● **Your objective**: Make a word-for-word copy of the entries below from their first line through the line with "Glacier Peak - Ryzen", and add nothing.

● **Data extract**:
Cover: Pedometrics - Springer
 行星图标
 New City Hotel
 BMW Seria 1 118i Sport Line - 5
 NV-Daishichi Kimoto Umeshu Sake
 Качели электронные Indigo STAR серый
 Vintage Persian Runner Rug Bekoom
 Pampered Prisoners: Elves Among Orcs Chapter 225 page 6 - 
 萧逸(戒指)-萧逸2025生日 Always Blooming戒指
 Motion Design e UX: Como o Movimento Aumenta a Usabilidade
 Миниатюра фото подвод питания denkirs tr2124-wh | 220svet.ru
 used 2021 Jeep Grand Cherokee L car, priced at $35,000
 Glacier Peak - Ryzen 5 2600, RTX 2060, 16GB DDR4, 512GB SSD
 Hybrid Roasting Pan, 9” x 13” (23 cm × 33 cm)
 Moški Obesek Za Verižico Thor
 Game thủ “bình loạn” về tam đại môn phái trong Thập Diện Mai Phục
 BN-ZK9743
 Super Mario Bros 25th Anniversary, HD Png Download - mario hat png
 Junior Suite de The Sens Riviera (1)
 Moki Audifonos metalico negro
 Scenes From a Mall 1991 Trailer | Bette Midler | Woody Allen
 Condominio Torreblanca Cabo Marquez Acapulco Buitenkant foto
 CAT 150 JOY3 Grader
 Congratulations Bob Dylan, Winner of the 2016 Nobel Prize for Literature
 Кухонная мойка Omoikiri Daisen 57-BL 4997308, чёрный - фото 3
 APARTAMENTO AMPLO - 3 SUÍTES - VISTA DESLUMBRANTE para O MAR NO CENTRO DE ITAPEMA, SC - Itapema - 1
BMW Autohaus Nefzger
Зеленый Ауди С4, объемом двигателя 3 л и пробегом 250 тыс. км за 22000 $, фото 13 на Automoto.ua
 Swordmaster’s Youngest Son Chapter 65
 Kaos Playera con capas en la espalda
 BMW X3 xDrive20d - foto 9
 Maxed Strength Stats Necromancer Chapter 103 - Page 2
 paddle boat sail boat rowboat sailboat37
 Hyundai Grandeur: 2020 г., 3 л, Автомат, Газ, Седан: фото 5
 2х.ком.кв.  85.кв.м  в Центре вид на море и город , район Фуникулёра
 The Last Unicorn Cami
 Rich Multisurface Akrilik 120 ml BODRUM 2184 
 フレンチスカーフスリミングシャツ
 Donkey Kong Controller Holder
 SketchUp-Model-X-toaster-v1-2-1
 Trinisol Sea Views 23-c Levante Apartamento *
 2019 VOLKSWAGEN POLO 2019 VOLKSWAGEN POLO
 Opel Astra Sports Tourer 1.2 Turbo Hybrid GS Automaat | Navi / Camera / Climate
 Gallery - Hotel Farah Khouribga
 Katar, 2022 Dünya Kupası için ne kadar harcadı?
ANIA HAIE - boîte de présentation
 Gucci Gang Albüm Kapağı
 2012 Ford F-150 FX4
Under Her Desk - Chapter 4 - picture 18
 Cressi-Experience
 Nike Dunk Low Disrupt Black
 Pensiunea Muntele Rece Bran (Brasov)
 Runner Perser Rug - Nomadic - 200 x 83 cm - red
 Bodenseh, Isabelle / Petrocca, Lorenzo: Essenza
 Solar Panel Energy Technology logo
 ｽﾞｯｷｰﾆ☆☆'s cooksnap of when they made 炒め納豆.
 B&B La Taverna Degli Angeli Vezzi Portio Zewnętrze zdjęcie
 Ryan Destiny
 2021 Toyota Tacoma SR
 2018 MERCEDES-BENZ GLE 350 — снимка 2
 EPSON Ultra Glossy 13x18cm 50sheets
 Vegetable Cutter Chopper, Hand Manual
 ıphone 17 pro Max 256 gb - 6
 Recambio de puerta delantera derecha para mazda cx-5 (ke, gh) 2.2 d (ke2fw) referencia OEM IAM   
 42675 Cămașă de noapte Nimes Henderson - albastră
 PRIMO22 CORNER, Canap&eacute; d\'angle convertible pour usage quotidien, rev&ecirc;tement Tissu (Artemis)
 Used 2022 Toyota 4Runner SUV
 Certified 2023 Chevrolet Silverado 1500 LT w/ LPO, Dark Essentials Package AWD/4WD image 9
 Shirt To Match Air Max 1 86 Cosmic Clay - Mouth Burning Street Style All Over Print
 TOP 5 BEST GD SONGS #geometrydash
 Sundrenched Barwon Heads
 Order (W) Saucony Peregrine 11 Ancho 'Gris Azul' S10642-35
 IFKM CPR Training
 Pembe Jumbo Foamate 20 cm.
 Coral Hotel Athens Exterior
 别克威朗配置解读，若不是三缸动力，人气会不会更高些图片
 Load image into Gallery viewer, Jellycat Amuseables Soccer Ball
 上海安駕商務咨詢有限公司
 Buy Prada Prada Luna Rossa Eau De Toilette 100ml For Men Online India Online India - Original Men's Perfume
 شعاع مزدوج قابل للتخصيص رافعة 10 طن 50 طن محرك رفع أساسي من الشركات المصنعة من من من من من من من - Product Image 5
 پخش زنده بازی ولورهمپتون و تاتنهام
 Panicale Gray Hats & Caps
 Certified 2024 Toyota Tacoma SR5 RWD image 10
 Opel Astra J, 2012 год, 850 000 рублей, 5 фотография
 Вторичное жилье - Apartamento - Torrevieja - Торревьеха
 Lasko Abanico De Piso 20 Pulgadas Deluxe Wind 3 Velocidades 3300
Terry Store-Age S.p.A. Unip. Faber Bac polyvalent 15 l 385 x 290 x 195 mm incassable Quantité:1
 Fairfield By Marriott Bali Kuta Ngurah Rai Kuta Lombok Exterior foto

● **Exercise solution**:
Cover: Pedometrics - Springer
 行星图标
 New City Hotel
 BMW Seria 1 118i Sport Line - 5
 NV-Daishichi Kimoto Umeshu Sake
 Качели электронные Indigo STAR серый
 Vintage Persian Runner Rug Bekoom
 Pampered Prisoners: Elves Among Orcs Chapter 225 page 6 - 
 萧逸(戒指)-萧逸2025生日 Always Blooming戒指
 Motion Design e UX: Como o Movimento Aumenta a Usabilidade
 Миниатюра фото подвод питания denkirs tr2124-wh | 220svet.ru
 used 2021 Jeep Grand Cherokee L car, priced at $35,000
 Glacier Peak - Ryzen 5 2600, RTX 2060, 16GB DDR4, 512GB SSD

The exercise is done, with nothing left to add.